I never thought it would end up this way. For most of my life, I’ve considered myself to be a well-adjusted, fairly normal American boy. I grew up in the small town of Ferndale, Washington, perhaps only known for being Jake Locker’s hometown.
I was a paperboy, the proud deliverer of the mayor’s copy of the Ferndale Record every Wednesday afternoon. I did well in school, graduated valedictorian of my class, played Call of Duty with my cousin on the weekends, and always looked forward to visiting my grandparents’ house across town, especially when those visits ended with my grandfather slyly passing me a five-dollar bill. Buy yourself a treat, he would say, his special way of saying I love you. By all measures, I was happy.

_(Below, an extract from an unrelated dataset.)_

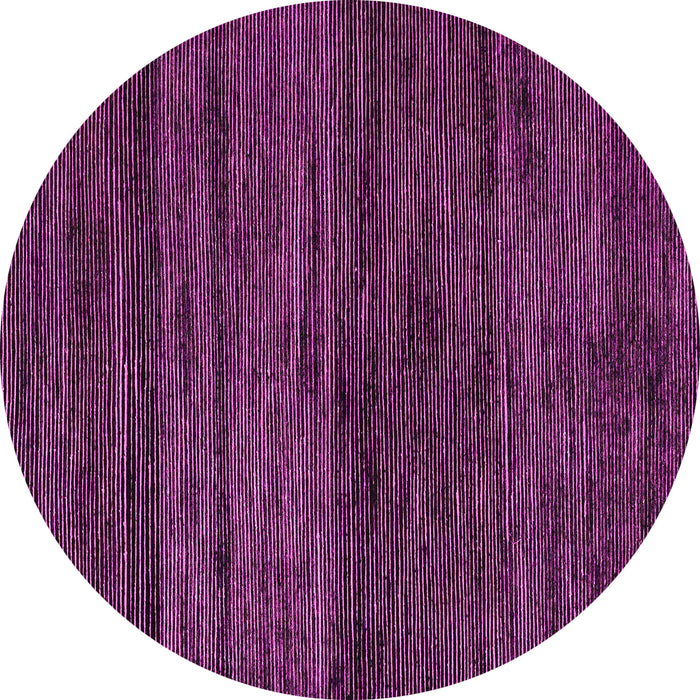 Round Abstract Pink Modern Rug, abs4706pnk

I never imagined a future in which my cheery glow would fade to darkness. I never thought I would have to deal with depression. Until I did.
I came home from working my maintenance job in Lake Oswego the summer after sophomore year and found myself debilitated by an overwhelming sense of apathy, an utter lack of interest in doing anything whatsoever. Even the simplest activity, like watching Netflix, couldn’t entertain me or make me feel anything. I felt paralyzed by a sensation of blank, nothingness.
I was terrified.
However, with some prompting from my girlfriend at the time and an overwhelming desire to escape the malaise I felt, I went to my doctor, who prescribed antidepressants. And I began seeing a counselor.
Today, a year and a half later, I feel like I’ve finally climbed out depression’s darkest depths and back into the light of day. But I wouldn’t be where I am today without counseling — specifically the sessions I’ve had here at UP at the Health and Counseling Center. Counseling has helped me process the deeper emotions surrounding early childhood buried within me, emotions I was unaware existed until they manifested themselves in the form of major depressive disorder.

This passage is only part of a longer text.